I'm working on a DESeq2 pipeline and trying to plot some genes of significance by padj value. I'm using bioMart to exchange Ensemble IDs for hgnc symbols. But, when I do the exchange I end up with fewer rows, so I then can't match the symbols to my column of ENS ids. I think this is because some ENS ID isn't in the biomart package for some reason. I plan to manually replace this, but first I have to find which one is missing.
I know I must be missing something basic about how R works, but I'm still relatively new to R and I'm not sure what exactly is going on. Following this formula from: https://stackoverflow.com/questions/13774773/check-whether-values-in-one-data-frame-column-exist-in-a-second-data-frame gets me "NULL"
A$C[!A$C %in% B$C]
[1] 2 # returns all values of A$C that are NOT in B$C
v---my code---v
filter_df_padj$rownames[!filter_df_padj$rownames %in% gns_padj$ensemble_gene_id]

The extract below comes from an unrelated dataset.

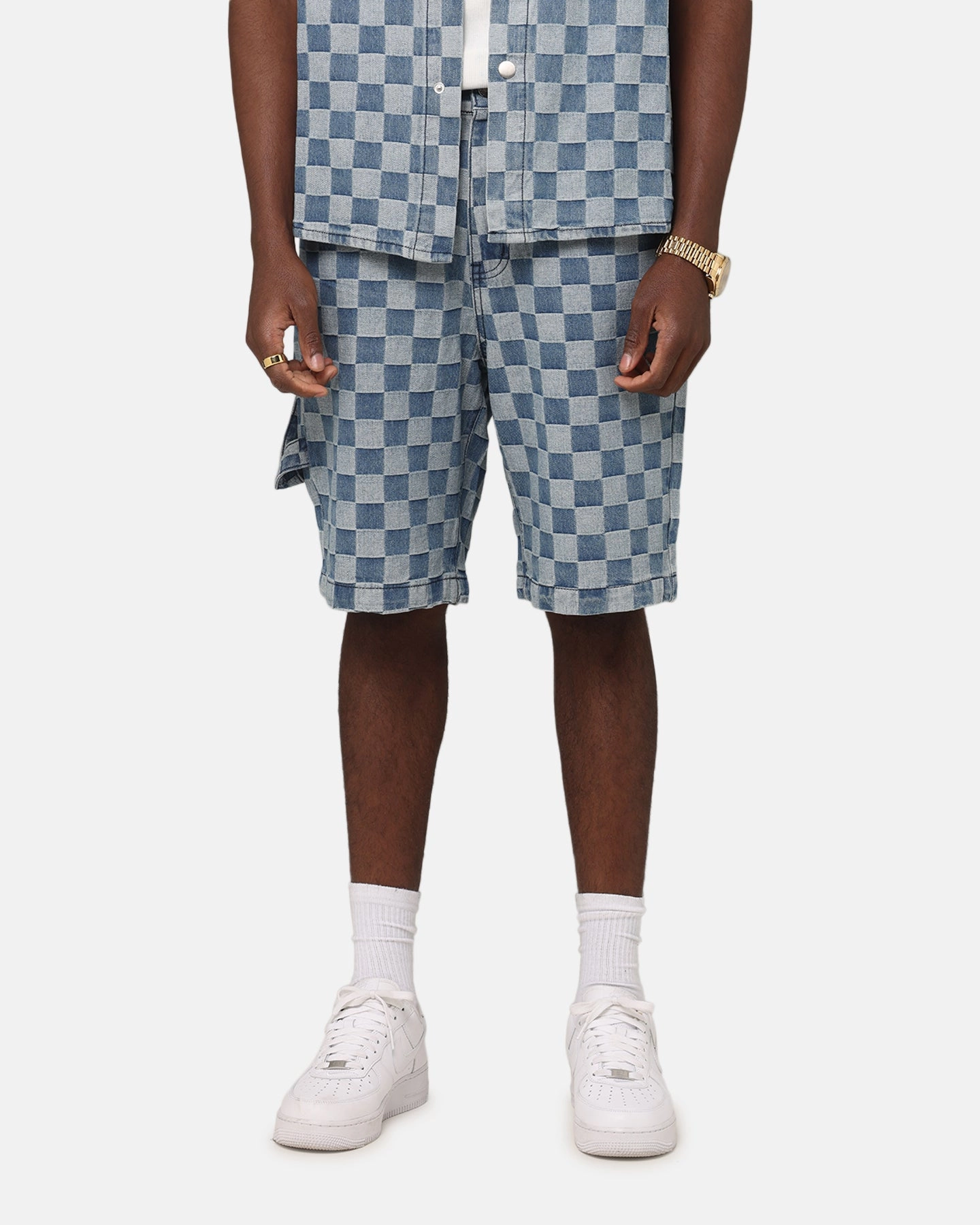 Luxury Feel camping clothing XXIII Checker Board Jort Blue
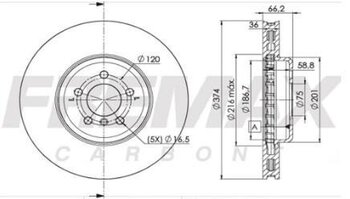 DISCO FREIO BMW 1 (E81) 118 I 750 i DIANT 2008 2015 38X38X12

I also tried to assign each column to a vector, then compare as in this guide: https://www.r-bloggers.com/2017/03/match-function-in-r/ and ended up getting "NULL".
Thanks for any help.
v1 <- filter_df_padj$rownames
v2 <- gns_padj$ensemble_gene_id
Try
setdiff
. Ensure the columns are strings and not factors. Google these terms to understand more.Are you sure that you mean $ensemble_gene_id, and not $ensembl_gene_id?